Die Begrüßung war ein langwieriges Zeremoniell. Hasard, Ben, Shane, der Profos, Ferris, Dan und Smoky mußten sich zwischen den Hütten unter ein offenes Schutzdach kauern. Als erstes wurde ihnen ein kühles Palmfruchtgetränk gereicht, das ihnen ganz gegen ihre Erwartung ausgezeichnet mundete.
Im Anschluß daran hielt Tubuago – dem mittlerweile von Kewridi und den übrigen jungen Kriegern alles ausführlich berichtet worden war – eine Ansprache an seinen Stamm, wobei er immer wieder auf die Männer der „Isabella“ wies.
Hasard und seine Männer verstanden kein Wort, aber selbstverständlich konnten sie sich ausmalen, welches der Inhalt von Tubuagos Rede war.
Ilanas gestenreichen Erklärungen war es zu verdanken, daß sie inzwischen wenigstens die wichtigsten Namen kannten und wußten, wie sie den Häuptling, einige Krieger sowie die Mädchen, die sie vor einem häßlichen Schicksal bewahrt hatten, anreden konnten.
Tubuago verstummte, und die Dorfbewohner bekundeten durch Ausrufe, die wie „Kaba ischu tao“ klangen, ihren Beifall.

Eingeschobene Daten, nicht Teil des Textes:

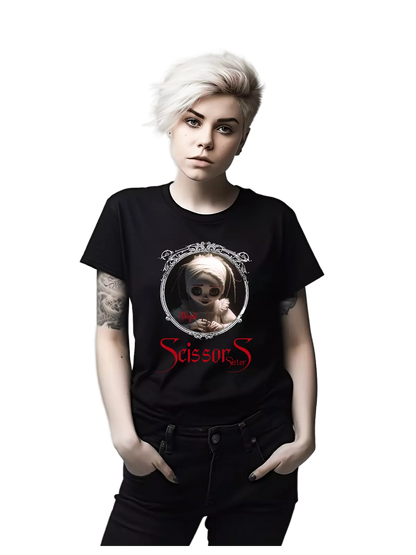 Tricou personalizat din bumbac - unisex - Scissors Sisters Abigail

Jetzt trugen die Mädchen dampfende Bananensuppe in Kalebassen auf, brachten Kürbisse, Melonen und wilden Truthahn und breiteten das gesamte Mahl auf geflochtenen Matten vor den Gästen aus.
Carberry versuchte zu grinsen, aber es gelang ihm nicht recht.
„Na schön, der Trank war nicht schlecht“, erklärte er. „Aber wer sagt uns, wie dieses Zeug hier schmeckt?“
„Überwinde dich und greif zu“, entgegnete der Seewolf. „Wenn wir nicht essen, beleidigen wir diese Menschen, das weißt du genauso gut wie ich.“
„Aye, Sir.“
„Und anschließend sollten wir durch kräftiges Schmatzen zeigen, daß es uns geschmeckt hat“, meinte Ben Brighton. „Ich glaube, auch das gehört dazu.“
„Na, dann mal los“, sagte Big Old Shane. Er streckte die Hand aus und nahm sich einen Truthahnschenkel, den der Profos soeben hatte erhaschen wollen.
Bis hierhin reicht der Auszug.